LONDON: Mayor Sadiq Khan is ready to fight for City Hall this May. Here, in a forthright interview, he talks to Ayesha Hazarika and Joe Murphy about Labour in crisis, immigration and why the Prime Minister must address his ‘blind spot’ on race
Sadiq Khan is clearly confident that he’ll be re-elected as London’s Mayor in May. When we ask him about his first and possible second term in office, he jokes about a third. “You know the history of this city. This is going to be a two-horse race between me and the Conservative candidate. I’m saying to those who voted Lib Dem, Green and Tory at the general election — lend me your vote if you want someone to stand up for London.”
According to Evening Standard report, if that phrase sounds familiar, it’s because the Prime Minister used it right after he won a landslide victory in December, in reference to the record numbers of Labour voters who switched to the Conservatives.
Khan’s analysis of why Labour lost so badly comes down to a lack of leadership, empathy and trust. But there was more. “You can’t equivocate on some of the most important issues of the day like Brexit and sit on the fence. You end up pleasing nobody.”

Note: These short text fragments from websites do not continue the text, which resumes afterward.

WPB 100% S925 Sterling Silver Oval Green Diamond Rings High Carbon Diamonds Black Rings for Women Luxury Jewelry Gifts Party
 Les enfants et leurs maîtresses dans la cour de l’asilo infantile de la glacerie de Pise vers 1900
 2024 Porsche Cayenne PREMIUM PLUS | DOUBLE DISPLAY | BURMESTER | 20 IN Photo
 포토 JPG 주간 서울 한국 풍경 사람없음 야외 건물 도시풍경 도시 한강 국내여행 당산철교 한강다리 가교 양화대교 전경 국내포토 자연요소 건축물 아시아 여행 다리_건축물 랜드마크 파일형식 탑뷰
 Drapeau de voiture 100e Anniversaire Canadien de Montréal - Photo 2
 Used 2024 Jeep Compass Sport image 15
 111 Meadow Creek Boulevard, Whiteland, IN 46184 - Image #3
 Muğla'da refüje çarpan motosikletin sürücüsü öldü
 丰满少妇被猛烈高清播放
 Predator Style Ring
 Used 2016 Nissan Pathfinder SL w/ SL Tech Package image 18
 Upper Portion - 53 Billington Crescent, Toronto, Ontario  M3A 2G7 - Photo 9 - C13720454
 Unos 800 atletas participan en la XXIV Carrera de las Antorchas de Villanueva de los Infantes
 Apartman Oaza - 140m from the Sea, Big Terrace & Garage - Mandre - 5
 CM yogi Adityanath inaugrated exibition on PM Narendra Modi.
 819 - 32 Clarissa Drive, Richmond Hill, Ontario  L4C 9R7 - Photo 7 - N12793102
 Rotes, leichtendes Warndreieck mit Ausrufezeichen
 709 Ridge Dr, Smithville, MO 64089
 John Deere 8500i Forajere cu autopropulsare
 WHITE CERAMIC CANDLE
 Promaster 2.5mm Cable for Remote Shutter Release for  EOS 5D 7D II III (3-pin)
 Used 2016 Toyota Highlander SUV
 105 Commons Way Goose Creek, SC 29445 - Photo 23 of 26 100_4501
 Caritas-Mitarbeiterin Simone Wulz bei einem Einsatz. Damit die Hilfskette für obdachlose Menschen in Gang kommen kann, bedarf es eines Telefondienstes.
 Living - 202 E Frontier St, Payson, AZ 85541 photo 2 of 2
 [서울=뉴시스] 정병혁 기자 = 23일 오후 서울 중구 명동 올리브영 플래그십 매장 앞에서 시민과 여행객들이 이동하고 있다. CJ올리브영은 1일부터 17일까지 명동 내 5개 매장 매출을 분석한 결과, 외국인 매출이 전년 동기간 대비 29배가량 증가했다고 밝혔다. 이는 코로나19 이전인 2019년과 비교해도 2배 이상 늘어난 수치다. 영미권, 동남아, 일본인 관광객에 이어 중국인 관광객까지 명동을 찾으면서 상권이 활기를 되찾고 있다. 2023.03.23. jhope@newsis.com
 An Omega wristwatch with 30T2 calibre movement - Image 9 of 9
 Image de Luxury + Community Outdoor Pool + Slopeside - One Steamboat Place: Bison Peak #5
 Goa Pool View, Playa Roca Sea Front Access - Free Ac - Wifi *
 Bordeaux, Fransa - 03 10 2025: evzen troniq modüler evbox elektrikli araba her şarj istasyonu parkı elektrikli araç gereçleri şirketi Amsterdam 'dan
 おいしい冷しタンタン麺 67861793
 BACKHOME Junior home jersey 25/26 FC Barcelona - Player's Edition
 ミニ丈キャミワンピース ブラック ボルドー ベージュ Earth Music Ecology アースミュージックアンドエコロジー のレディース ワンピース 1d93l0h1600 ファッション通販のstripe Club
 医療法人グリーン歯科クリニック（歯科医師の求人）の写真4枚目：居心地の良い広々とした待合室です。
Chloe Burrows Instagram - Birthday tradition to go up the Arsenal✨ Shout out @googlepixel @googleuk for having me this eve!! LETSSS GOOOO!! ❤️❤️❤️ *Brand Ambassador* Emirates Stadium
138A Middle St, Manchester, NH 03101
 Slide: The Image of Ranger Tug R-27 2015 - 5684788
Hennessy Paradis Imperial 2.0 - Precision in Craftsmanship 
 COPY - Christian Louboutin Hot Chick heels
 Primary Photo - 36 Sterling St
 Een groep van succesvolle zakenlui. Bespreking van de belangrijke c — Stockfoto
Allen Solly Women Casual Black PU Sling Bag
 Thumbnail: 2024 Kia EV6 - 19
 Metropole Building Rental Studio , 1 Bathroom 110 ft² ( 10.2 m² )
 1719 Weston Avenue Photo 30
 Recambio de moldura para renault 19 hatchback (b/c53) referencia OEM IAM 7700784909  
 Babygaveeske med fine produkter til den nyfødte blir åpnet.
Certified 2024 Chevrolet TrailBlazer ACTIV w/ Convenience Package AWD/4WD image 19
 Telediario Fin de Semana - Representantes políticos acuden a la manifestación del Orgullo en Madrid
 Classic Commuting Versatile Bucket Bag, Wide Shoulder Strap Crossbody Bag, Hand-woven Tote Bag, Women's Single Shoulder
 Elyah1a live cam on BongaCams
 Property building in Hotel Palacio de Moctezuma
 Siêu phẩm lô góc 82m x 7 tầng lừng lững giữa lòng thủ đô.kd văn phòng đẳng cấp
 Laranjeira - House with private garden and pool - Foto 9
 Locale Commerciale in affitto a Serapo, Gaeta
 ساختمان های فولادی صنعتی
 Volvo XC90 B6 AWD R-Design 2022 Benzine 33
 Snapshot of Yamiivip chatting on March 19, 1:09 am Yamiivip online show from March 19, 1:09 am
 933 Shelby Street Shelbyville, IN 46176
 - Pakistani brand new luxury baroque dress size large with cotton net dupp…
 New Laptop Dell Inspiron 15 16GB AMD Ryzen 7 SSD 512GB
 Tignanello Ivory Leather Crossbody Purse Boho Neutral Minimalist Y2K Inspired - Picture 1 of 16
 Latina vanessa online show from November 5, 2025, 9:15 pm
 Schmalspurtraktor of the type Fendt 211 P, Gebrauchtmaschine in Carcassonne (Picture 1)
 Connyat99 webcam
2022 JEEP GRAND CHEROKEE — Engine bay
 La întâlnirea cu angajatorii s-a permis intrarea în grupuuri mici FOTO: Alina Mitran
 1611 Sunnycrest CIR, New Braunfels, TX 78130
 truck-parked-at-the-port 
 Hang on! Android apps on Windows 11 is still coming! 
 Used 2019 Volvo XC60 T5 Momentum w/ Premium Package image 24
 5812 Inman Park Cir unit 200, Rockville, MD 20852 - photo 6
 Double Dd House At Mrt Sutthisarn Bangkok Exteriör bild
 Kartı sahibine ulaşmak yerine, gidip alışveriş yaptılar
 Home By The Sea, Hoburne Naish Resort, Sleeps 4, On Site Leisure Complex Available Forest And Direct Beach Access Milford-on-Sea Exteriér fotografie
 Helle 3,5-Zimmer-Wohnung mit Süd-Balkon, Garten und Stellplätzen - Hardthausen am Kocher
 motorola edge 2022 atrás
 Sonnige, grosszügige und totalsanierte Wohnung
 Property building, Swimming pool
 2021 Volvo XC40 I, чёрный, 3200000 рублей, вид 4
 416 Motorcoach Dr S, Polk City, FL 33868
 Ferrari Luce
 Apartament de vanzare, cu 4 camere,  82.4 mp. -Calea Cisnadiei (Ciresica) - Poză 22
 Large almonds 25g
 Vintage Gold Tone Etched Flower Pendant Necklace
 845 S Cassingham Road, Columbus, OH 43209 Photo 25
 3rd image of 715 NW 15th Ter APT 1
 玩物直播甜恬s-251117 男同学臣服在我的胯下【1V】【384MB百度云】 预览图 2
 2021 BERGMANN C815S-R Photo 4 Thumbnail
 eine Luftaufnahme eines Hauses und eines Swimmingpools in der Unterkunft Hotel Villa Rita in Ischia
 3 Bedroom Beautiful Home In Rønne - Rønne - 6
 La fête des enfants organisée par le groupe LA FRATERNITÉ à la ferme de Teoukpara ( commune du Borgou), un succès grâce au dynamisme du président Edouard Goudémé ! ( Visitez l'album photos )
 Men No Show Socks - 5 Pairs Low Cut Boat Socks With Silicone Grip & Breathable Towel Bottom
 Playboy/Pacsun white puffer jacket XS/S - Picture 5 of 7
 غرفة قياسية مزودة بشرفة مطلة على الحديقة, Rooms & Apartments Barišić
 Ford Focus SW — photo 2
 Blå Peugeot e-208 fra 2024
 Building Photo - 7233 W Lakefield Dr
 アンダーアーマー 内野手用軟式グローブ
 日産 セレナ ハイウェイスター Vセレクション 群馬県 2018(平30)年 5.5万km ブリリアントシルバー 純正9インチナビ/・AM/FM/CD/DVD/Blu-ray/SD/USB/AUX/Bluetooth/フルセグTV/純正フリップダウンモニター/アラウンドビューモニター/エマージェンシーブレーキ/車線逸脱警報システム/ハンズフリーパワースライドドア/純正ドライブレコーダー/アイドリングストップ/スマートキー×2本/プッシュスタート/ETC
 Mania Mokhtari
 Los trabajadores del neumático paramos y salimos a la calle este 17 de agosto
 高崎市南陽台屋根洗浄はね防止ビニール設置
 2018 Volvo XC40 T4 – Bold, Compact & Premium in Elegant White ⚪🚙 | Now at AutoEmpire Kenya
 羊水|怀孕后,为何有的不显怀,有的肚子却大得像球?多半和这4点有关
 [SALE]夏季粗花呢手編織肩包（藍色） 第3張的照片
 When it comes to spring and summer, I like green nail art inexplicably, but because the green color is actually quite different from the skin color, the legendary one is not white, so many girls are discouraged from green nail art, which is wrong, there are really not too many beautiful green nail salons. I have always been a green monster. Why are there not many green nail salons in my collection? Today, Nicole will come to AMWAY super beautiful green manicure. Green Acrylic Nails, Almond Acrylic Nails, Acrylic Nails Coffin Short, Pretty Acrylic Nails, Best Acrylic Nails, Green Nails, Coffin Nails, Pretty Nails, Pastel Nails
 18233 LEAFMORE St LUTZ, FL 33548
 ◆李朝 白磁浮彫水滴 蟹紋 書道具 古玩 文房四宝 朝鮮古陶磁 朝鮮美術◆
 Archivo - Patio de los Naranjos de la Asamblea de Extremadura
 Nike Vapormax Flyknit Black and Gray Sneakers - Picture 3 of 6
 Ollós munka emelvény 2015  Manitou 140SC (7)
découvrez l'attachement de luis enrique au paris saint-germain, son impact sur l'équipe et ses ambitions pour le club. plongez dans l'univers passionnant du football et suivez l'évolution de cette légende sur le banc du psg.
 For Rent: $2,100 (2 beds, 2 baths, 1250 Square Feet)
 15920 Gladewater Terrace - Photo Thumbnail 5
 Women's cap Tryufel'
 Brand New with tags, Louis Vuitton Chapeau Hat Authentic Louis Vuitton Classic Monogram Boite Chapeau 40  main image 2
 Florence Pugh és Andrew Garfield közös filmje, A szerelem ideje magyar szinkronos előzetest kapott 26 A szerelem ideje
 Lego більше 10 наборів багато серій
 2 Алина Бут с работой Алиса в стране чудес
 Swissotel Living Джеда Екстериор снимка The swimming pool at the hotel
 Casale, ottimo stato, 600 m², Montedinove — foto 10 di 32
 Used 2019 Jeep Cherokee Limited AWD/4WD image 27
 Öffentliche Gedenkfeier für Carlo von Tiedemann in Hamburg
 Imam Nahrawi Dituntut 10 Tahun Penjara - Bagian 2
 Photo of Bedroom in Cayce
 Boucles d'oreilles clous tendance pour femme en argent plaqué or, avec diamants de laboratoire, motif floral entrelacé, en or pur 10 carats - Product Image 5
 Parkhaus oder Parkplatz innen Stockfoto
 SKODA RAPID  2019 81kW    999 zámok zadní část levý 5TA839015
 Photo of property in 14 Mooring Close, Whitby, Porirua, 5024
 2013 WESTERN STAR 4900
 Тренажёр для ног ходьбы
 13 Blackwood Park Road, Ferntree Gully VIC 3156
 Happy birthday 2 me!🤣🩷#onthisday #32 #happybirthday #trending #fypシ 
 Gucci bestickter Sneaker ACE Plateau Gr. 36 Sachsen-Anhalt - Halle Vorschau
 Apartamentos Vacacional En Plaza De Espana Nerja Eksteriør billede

Khan’s term as London Mayor hasn’t been easy. He has presided over the capital at a difficult time, seeing a rise in terror attacks — notably two incidents on London Bridge, and the Finsbury Park mosque attack — as well as a knife crime epidemic.
The capital remains in a housing crisis — with many young people unable to get on the ladder, and with a shortage of homes available. Khan’s critics have been quick to say that he’s not done enough to tackle these big issues.
Still, he thinks Labour could learn from him when it comes to winning elections. “There was a route to winning the election where I could just rely upon those who’ve always voted Labour to win. That’s not the sort of mayor I wanted to be. I hope I’ve shown I am a mayor for all boroughs. The same goes for national politics.”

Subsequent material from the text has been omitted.